** Records provided follows **

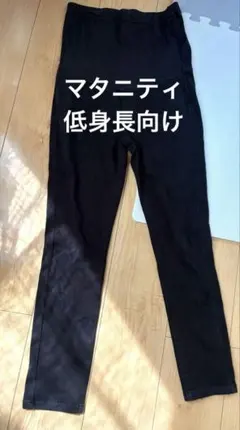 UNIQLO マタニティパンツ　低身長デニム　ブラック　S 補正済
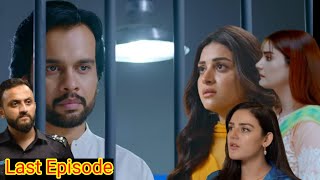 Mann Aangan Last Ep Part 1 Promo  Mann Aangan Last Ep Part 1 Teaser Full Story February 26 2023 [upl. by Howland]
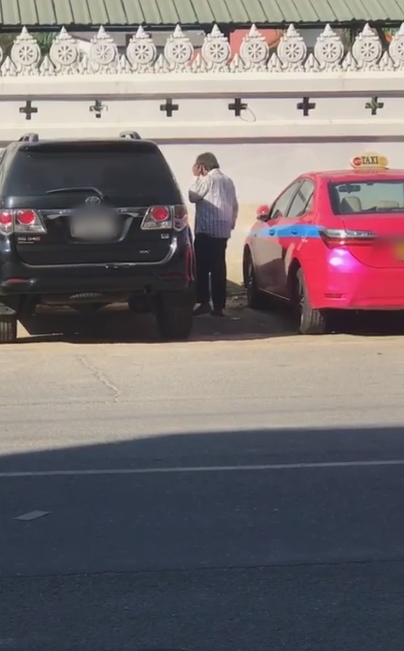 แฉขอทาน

** End of Records provided **
** Records provided follows **

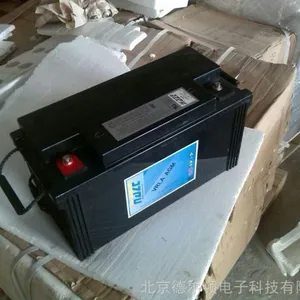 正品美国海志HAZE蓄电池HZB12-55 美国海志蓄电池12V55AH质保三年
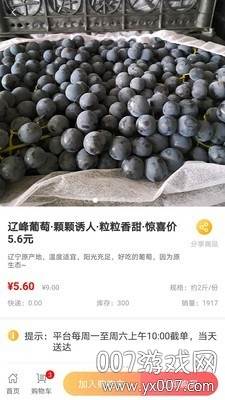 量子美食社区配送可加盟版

** End of Records provided **
** Records provided follows **

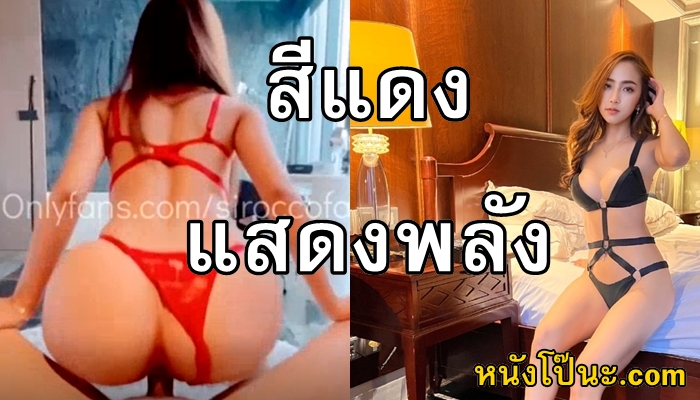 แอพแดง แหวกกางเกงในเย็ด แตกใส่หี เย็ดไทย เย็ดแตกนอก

** End of Records provided **

The result should be an exact copy of only the lines above from the one that holds "正品美国海志HAZE蓄电池H" through the one that holds "量子美食社区配送可加盟版", both ends included, without pictures.

[Answer space]
 正品美国海志HAZE蓄电池HZB12-55 美国海志蓄电池12V55AH质保三年
 量子美食社区配送可加盟版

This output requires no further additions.